Ticket-sales system unable to thwart DDOS attack, leaving many Colorado Rockies fans empty-handed

Nasty hackers or just greedy ticket brokers? Either way, it's a moot point now: The Colorado Rockies sold out its World Series tickets yesterday when the team's online ticket-sales system was restored after a distributed denial-of-service attack (DDOS) caused a server outage on its Website on Monday.

The outage occurred as a result of some 8.5 million visits to the Rockies' Website within 90 minutes, which was more than enough to bring down servers at Rockies' ticket-sales system provider Paciolan. Bob Bowman, CEO of MLB.com, said yesterday in published reports that the attacking computers were blocked from purchasing tickets, but they continued to try to connect to the site, which eventually knocked it offline. His guess is it could have been ticket brokers.

Whether the DDOS was malicious or inadvertent, the outcome was the same. "Most DDOS attacks appear to be just customers" coming to the site, says Richard Stiennon, chief marketing officer at Fortinet. "They were unprepared for the onslaught... of getting all of those transactions at once."

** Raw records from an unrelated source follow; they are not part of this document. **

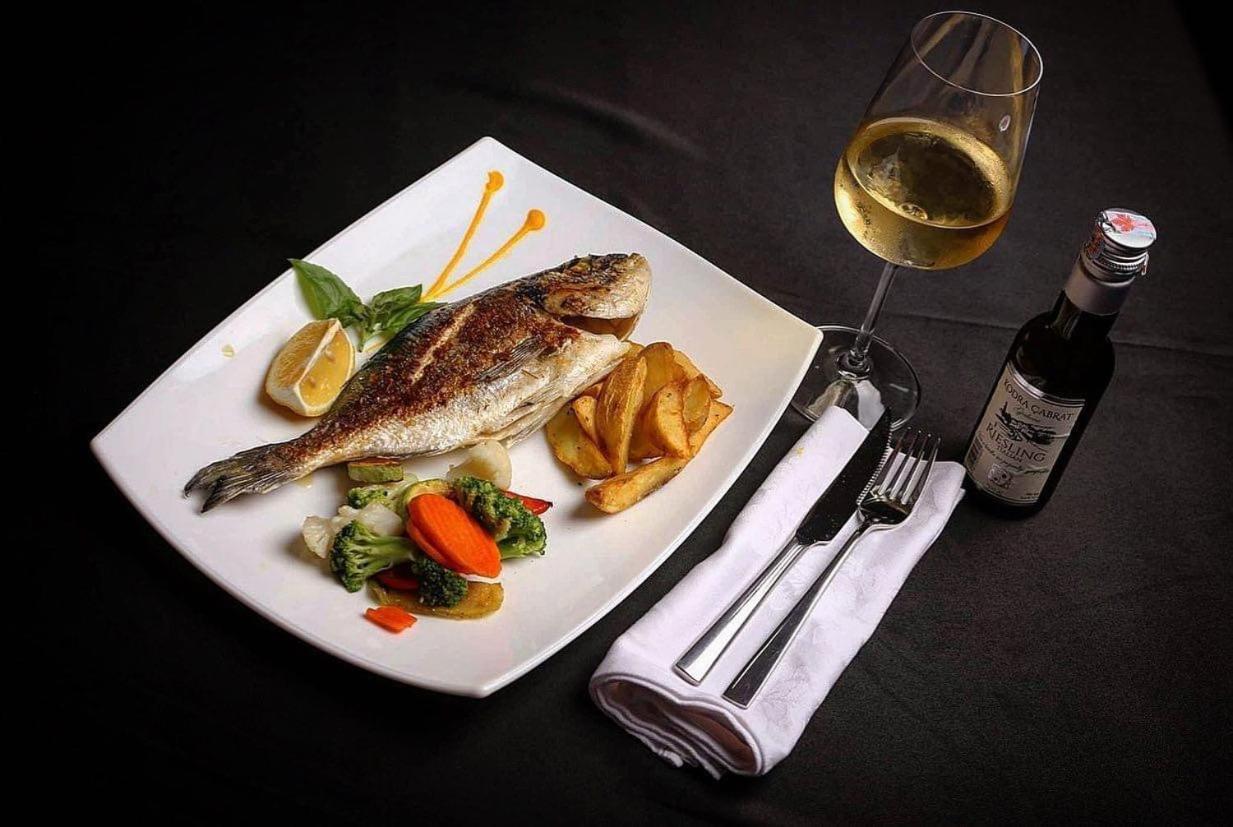 Conti Hotel & Restaurant Gjakova Luaran gambar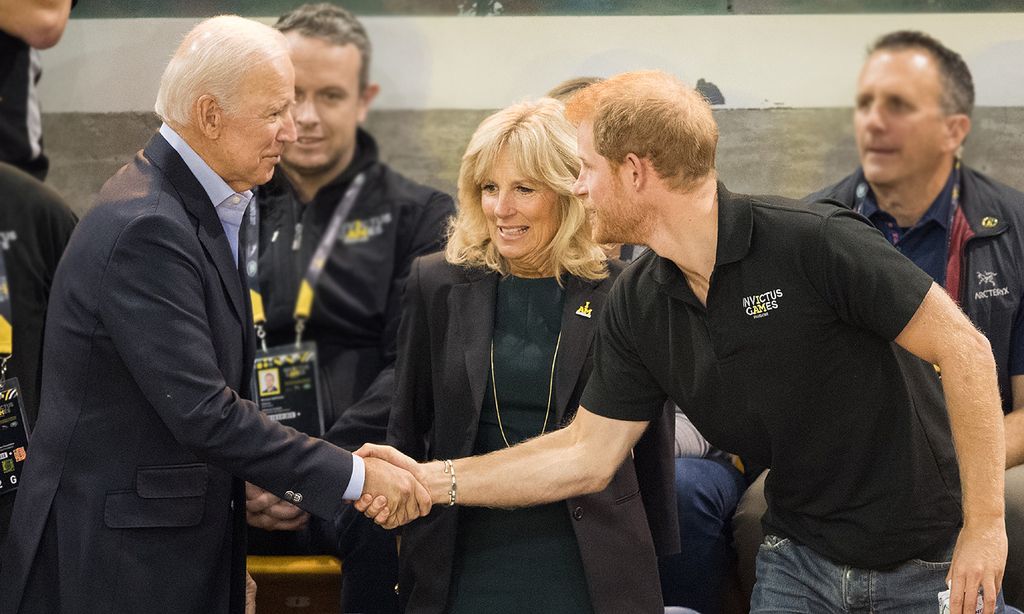 El príncipe Harry 'aparece' por sorpresa en la toma de posesión de Joe Biden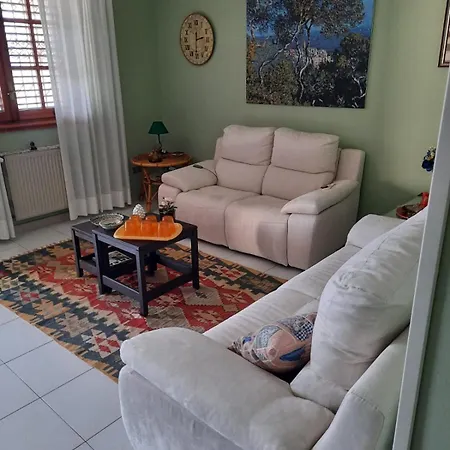 Casa Azzurra 公寓 *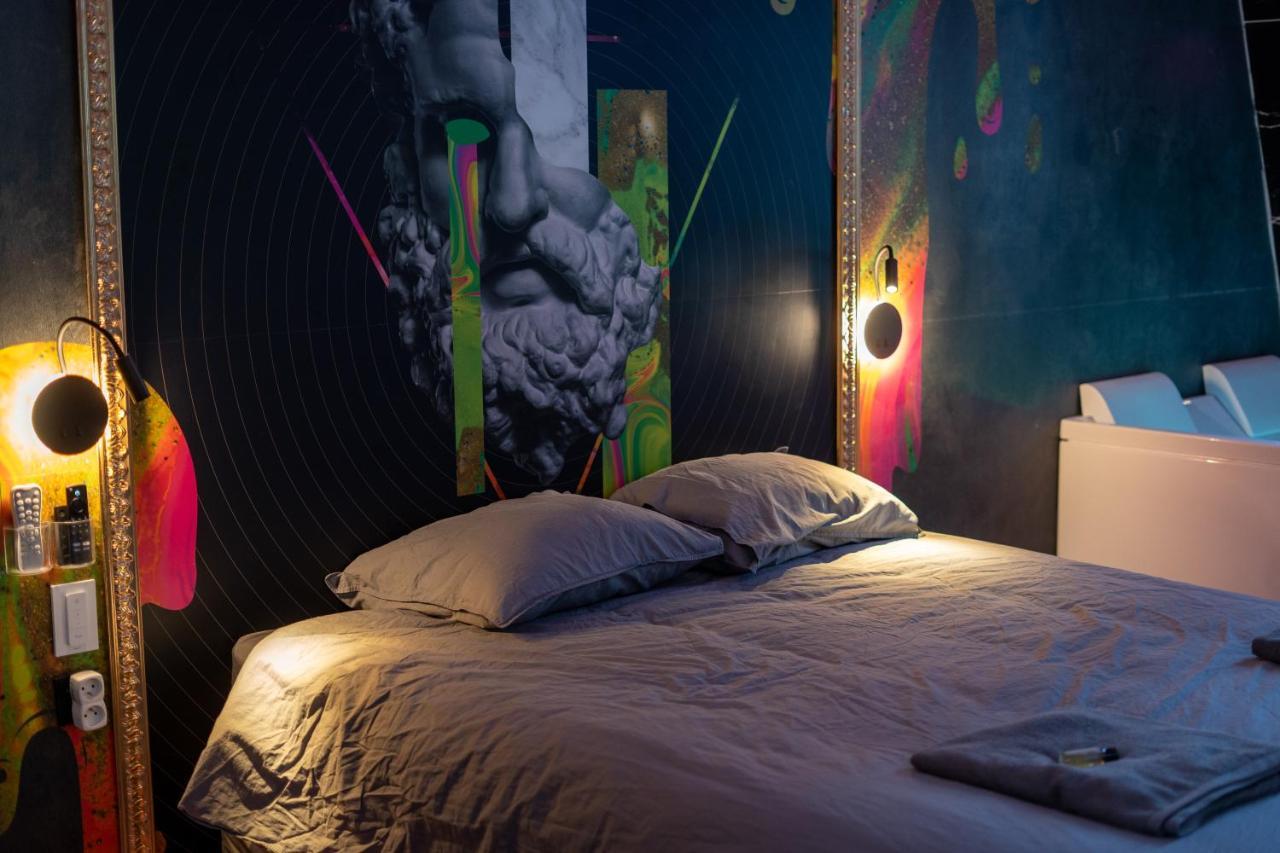 Capsule Art Deco - Jacuzzi - Netflix - Home Cinema - Arcade De Jeux & Nintendo Switch - 2 Chambres - Filet Suspendu Βαλενσιέν Εξωτερικό φωτογραφία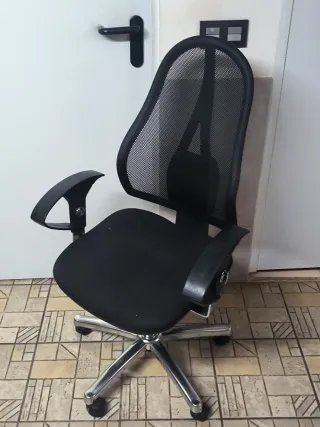 Silla de oficina Topstar negra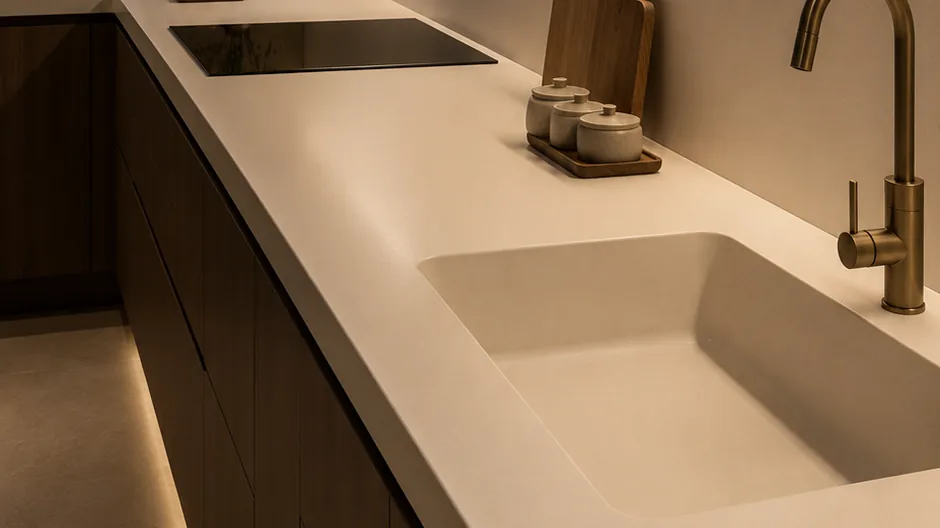 Acrylic solid surface vs quartz vs granite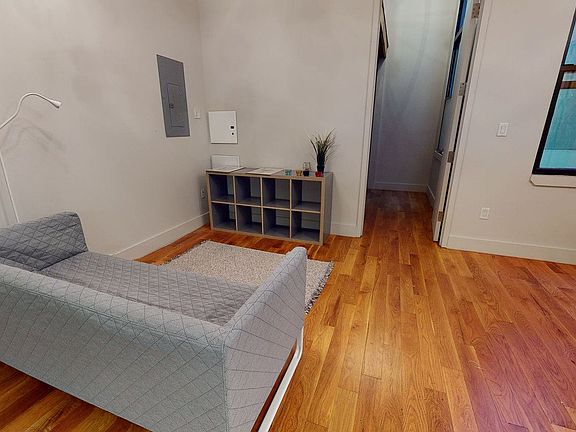 3rd image of 374 Kosciusko St #514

The Rockies, which will face the Boston Red Sox tonight in Game 1 of the Colorado club's first-ever World Series, had decided to open up ticket sales worldwide with online sales. The club sold over 50,0000 tickets in about two and a half hours after the site went back online yesterday, according to published reports. About 80 percent of the transactions were made by buyers with Colorado zip codes.

— Kelly Jackson Higgins, Senior Editor, Dark Reading

  • Fortinet Inc.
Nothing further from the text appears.